(DATA TO EXAMINE Opens)

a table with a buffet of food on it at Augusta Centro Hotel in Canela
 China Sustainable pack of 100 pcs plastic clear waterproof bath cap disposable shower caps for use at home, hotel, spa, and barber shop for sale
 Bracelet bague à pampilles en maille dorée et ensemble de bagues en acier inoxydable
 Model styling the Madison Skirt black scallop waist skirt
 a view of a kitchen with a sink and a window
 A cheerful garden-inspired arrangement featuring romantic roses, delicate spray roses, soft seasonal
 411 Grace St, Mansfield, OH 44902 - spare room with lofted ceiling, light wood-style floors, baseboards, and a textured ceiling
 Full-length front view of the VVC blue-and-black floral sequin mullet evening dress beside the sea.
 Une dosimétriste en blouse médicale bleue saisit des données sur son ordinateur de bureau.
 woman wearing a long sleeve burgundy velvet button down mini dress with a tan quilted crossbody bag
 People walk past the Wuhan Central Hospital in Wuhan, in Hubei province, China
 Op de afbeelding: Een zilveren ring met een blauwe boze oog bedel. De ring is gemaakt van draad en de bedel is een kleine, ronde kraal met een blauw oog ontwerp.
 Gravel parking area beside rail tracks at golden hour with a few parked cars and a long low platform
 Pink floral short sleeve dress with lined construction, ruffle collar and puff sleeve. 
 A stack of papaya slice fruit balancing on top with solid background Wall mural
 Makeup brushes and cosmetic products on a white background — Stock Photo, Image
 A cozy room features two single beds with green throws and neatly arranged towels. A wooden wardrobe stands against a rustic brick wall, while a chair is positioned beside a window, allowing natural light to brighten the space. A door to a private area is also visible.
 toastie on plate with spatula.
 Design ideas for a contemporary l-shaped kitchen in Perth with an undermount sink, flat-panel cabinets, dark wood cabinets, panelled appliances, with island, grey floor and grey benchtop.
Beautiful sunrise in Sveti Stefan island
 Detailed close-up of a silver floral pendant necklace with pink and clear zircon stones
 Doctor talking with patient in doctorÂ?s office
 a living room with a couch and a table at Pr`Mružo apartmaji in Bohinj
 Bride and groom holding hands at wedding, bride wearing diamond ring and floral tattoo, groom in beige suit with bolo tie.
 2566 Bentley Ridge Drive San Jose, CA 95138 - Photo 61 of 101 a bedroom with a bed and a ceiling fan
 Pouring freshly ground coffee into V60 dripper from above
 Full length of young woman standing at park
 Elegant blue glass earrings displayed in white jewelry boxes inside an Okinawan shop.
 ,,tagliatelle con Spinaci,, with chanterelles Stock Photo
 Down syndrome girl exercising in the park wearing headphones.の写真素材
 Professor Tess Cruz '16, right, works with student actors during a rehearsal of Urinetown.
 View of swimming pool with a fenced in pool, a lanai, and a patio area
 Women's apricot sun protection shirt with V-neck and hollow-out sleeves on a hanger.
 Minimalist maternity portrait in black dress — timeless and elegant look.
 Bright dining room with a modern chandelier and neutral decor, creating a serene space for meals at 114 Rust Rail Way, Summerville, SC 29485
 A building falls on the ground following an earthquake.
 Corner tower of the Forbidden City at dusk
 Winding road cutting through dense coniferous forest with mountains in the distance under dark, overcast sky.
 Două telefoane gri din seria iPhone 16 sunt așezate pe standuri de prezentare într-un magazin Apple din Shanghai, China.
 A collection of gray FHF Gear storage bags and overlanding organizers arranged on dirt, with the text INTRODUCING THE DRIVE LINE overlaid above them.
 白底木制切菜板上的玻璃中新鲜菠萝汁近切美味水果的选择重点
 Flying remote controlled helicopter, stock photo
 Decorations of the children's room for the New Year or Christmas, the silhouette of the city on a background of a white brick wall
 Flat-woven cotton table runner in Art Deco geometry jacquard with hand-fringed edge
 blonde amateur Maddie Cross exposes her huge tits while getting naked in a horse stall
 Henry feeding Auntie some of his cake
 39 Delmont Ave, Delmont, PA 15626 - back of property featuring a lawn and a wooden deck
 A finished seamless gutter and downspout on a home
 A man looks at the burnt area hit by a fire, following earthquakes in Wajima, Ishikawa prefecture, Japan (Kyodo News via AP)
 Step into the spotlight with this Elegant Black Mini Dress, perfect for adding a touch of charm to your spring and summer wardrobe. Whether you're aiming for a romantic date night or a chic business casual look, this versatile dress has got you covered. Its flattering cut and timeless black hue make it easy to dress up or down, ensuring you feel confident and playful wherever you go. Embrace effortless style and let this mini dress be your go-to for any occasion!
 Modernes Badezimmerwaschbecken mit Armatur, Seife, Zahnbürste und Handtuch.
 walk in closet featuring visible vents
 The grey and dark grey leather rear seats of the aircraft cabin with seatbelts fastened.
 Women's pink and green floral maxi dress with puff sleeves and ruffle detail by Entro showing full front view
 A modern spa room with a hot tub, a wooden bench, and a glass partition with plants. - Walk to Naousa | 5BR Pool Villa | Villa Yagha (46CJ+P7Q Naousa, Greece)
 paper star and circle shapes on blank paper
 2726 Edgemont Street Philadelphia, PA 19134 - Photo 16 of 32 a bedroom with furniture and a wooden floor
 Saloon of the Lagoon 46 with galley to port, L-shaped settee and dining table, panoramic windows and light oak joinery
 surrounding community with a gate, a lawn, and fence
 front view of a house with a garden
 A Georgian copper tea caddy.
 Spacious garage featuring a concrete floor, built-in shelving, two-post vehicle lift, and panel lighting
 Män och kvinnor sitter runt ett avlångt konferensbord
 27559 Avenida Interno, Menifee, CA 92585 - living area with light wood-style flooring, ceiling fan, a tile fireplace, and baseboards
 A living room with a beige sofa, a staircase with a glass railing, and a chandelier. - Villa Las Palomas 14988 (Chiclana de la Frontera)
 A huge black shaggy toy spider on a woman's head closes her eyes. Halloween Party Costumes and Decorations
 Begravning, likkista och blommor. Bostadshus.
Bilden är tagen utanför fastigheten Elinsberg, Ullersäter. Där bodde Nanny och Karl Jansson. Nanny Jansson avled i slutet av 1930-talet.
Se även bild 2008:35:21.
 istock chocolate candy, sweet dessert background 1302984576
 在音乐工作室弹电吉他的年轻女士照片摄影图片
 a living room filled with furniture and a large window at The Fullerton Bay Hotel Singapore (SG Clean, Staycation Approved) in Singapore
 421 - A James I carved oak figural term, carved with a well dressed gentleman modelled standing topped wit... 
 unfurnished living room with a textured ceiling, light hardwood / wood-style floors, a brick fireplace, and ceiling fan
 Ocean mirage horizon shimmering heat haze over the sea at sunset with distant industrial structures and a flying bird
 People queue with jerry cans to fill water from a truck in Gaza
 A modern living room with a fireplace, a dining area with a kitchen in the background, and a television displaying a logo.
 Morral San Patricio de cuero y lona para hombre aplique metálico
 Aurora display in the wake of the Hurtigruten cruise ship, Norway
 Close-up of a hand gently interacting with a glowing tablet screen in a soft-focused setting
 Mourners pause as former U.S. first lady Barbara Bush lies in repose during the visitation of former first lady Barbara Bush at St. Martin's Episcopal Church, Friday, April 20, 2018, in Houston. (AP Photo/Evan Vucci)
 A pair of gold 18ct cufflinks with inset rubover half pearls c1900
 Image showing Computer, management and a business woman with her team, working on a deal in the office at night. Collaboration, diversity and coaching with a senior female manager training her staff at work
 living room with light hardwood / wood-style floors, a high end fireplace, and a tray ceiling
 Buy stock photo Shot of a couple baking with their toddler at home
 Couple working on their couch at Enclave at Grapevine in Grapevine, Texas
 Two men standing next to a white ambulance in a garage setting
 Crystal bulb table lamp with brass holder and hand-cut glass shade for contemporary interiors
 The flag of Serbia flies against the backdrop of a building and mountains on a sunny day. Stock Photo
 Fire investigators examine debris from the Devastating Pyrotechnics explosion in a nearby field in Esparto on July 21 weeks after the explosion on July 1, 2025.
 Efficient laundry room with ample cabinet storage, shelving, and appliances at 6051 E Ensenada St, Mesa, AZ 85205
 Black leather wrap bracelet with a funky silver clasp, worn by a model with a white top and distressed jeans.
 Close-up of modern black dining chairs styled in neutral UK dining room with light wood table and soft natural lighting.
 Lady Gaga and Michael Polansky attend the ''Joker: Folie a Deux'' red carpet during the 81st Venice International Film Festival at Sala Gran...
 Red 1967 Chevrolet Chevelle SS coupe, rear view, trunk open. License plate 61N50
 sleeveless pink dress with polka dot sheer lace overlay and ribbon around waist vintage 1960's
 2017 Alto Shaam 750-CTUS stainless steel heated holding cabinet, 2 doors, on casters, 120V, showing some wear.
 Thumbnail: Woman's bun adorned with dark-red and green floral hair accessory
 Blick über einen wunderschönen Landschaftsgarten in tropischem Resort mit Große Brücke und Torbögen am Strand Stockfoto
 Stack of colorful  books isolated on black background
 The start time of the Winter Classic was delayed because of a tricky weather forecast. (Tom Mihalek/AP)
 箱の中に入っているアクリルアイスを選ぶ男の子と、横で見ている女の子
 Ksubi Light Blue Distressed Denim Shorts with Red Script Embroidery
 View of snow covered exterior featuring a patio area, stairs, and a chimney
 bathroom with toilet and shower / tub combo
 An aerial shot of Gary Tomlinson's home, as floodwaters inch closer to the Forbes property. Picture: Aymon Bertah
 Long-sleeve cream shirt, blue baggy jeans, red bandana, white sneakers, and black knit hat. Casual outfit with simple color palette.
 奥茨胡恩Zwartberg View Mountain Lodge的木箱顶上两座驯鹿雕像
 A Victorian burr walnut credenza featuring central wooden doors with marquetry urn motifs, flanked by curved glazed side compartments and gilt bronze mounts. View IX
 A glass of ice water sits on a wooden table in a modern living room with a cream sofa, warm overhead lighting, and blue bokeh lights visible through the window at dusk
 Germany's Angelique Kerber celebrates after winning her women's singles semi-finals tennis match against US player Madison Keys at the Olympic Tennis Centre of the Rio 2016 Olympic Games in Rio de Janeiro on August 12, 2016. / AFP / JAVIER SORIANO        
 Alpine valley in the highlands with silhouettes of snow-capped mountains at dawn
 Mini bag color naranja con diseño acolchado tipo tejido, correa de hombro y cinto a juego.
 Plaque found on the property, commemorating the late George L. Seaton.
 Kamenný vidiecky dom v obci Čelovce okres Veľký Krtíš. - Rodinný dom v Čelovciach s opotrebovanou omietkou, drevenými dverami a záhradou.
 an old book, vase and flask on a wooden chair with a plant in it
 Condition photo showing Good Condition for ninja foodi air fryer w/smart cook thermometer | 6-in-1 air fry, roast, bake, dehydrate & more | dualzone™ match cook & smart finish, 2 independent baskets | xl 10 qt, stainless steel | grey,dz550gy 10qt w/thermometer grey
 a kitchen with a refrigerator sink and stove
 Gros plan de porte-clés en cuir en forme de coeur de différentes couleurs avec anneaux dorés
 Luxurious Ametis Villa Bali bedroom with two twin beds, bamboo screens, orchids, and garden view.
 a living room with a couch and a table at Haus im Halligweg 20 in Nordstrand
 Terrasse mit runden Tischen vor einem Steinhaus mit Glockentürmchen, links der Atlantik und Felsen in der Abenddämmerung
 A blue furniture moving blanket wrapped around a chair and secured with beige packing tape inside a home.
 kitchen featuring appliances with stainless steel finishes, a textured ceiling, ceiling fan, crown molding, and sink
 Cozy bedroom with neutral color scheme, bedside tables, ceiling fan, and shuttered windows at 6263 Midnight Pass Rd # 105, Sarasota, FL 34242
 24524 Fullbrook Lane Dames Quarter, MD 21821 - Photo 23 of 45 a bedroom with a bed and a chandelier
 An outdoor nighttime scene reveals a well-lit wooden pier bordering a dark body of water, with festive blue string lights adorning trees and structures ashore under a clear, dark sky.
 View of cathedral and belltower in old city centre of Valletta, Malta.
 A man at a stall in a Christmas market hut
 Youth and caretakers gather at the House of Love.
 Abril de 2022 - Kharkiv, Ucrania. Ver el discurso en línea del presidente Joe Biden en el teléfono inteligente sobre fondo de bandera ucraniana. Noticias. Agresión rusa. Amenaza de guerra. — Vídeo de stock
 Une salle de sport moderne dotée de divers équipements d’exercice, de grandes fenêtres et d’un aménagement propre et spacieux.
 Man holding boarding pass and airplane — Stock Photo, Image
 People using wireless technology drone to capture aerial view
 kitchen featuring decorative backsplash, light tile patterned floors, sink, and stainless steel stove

(DATA TO EXAMINE Closes)

**BRIEF**
Starting with the line that contains "Man holding boarding", restate every line through the end of the records above, exactly and with no other lines.

**RESPONSE BELOW**
 Man holding boarding pass and airplane — Stock Photo, Image
 People using wireless technology drone to capture aerial view
 kitchen featuring decorative backsplash, light tile patterned floors, sink, and stainless steel stove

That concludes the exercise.